§ **ABOUT THIS EXERCISE**
Copy the records below exactly as they stand. Leave out the pictures.

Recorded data
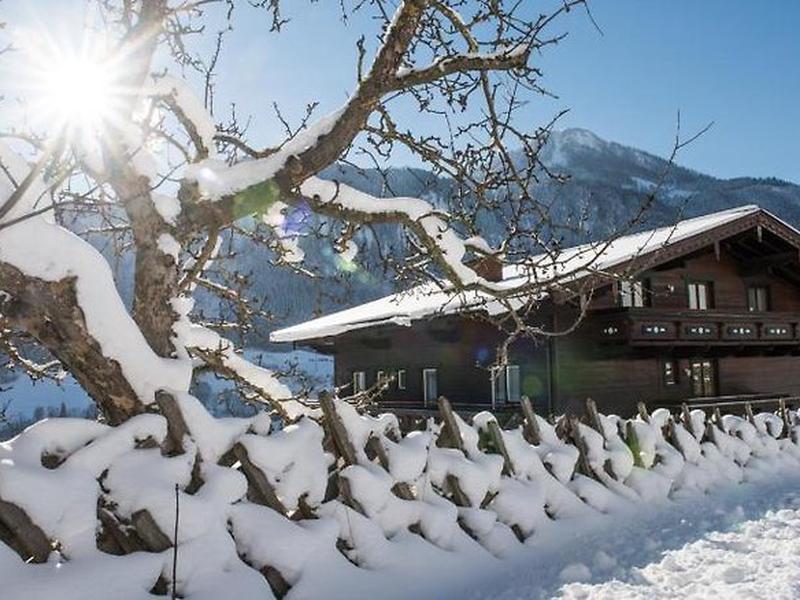 114E6EED28412552CB83F6178FF2BD33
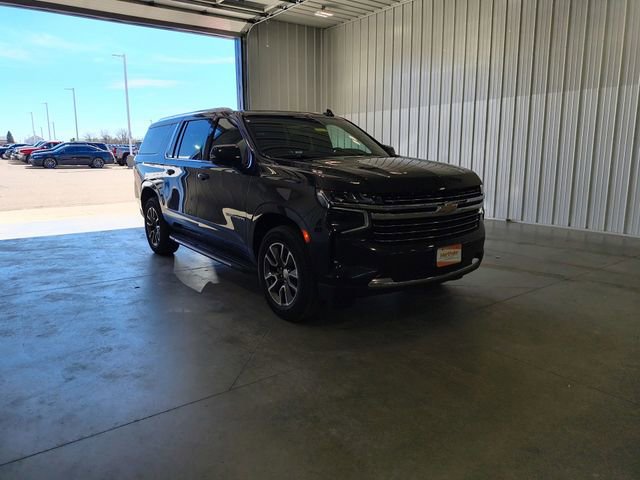Used 2022 Chevrolet Suburban LT w/ Luxury Package AWD/4WD image 2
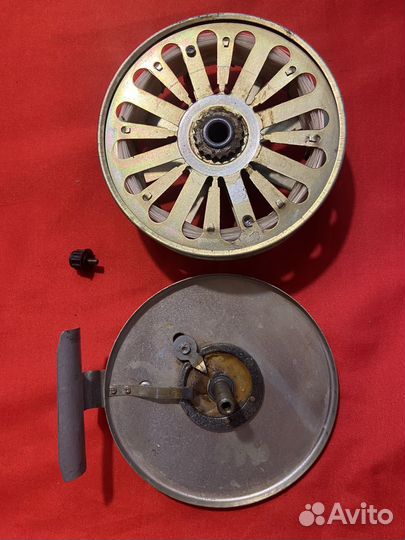 Катушка рыболовная СССР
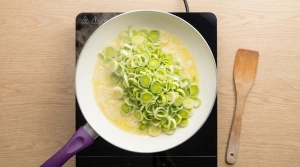 Étape 6: Ajoutez les rondelles de poireaux égouttées dans...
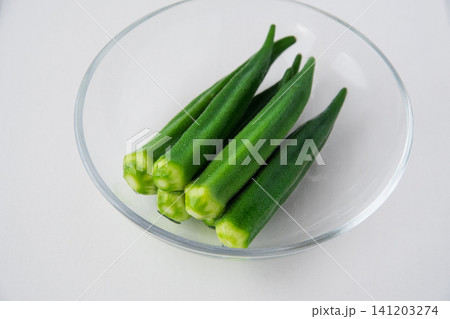 器に盛った茹でたオクラ 器に盛った茹でたオクラ 141203274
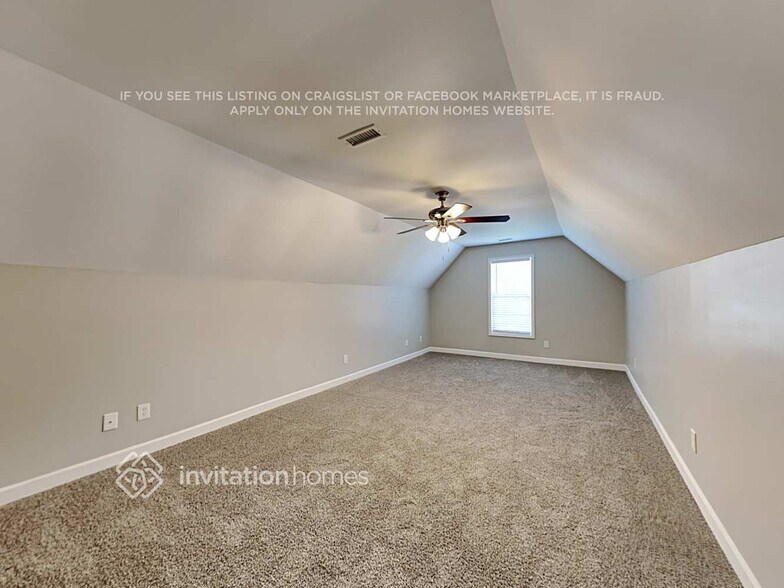 Building Photo - 213 Walnut Creek Dr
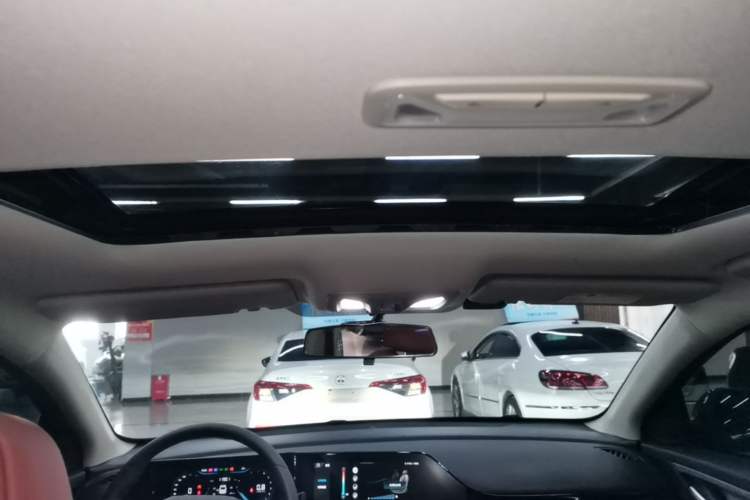 Used CHANGAN Eado 2023 Changan Edition PLUS Blue Whale NE 1.4T GDI DCT Prestige Version Headliner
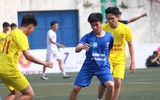 [ẢNH] Ba phút ghi 2 bàn, THPT Chuyên Nguyễn Huệ vào vòng 1/8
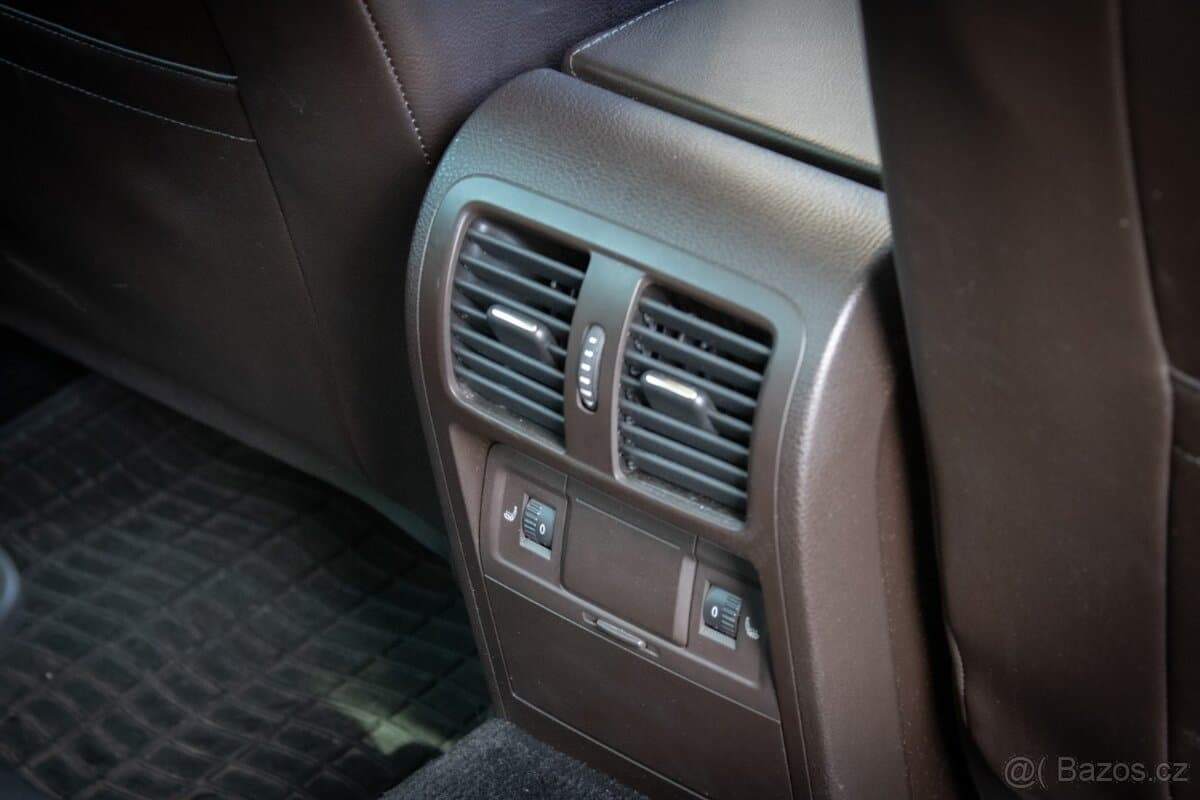 2011 Volkswagen PASSAT - 19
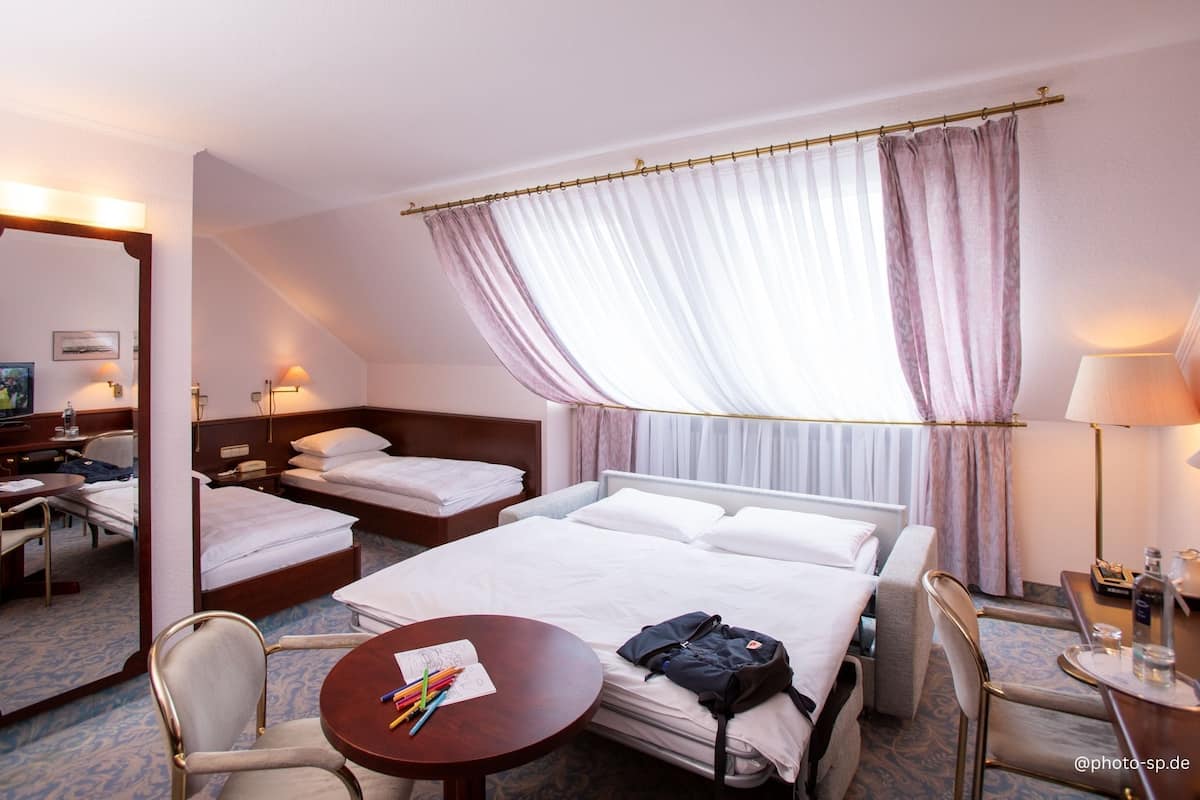 Chambre familiale | Bureau, espace de travail pour ordinateurs portables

§ **OUTPUT BELOW**
 114E6EED28412552CB83F6178FF2BD33
Used 2022 Chevrolet Suburban LT w/ Luxury Package AWD/4WD image 2
 Катушка рыболовная СССР
 Étape 6: Ajoutez les rondelles de poireaux égouttées dans...
 器に盛った茹でたオクラ 器に盛った茹でたオクラ 141203274
 Building Photo - 213 Walnut Creek Dr
 Used CHANGAN Eado 2023 Changan Edition PLUS Blue Whale NE 1.4T GDI DCT Prestige Version Headliner
 [ẢNH] Ba phút ghi 2 bàn, THPT Chuyên Nguyễn Huệ vào vòng 1/8
 2011 Volkswagen PASSAT - 19
 Chambre familiale | Bureau, espace de travail pour ordinateurs portables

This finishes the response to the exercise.